We have been working with regulatory agencies to help them understand and accept the global approach, but we acknowledged in our article that we have not fully achieved that goal. Hopefully, in the near future, regulatory agencies will more readily acknowledge the difficulties of defining and identifying therapeutic effects with purported acute stroke therapies and agree that a global test incorporating several relevant outcome measures is a reasonable and acceptable primary outcome measure.
As an analogy to the use of a global test in clinical trials, the scientific community accepts analysis of variance where one tests for differences in means among groups and is satisfied to reject the null hypothesis, even if the individual pairwise tests are not statistically significant. With both ANOVA and in the global test, the individual tests are useful in helping to interpret the overall test. The scientific community also accepts nonparametric rank tests and their associated probability value as evidence of treatment benefit. If we used variables without categorization and used a global test that did not require binary outcomes, we would still be able to compare groups in terms of favorable outcome, although indeed we would quantify the difference in rank scores.2 The same would be true if the primary outcome was only an individual measure, such the Rankin scale score. We generally would report a P value and rank score.

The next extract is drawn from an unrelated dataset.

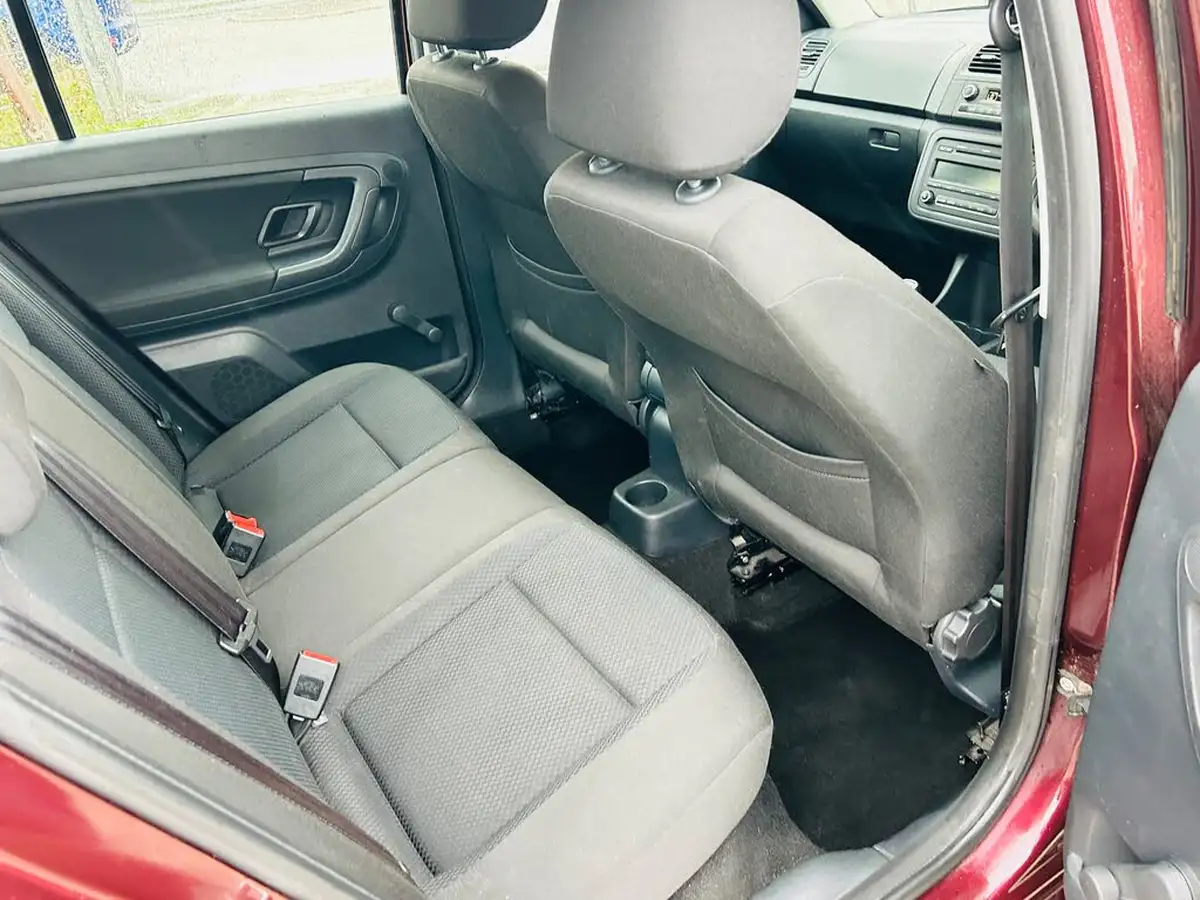 2012-skoda-fabia-12-elegance-tsi-105bhp-estate-1197cc-big-9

Therefore, for all of these reasons, plus those discussed in a previous article in Stroke,3 we believe that a global test derived from multiple appropriate individual outcome measures that assess a variety of outcome measures such as neurological status, disability, handicap and perhaps imaging determination of lesion size, is the best method to evaluate treatment effects of a lack of effect in acute stroke treatment trials. (Marc Fisher, MD, and Barbara C. Tilley, PhD, for the STAIR Group.)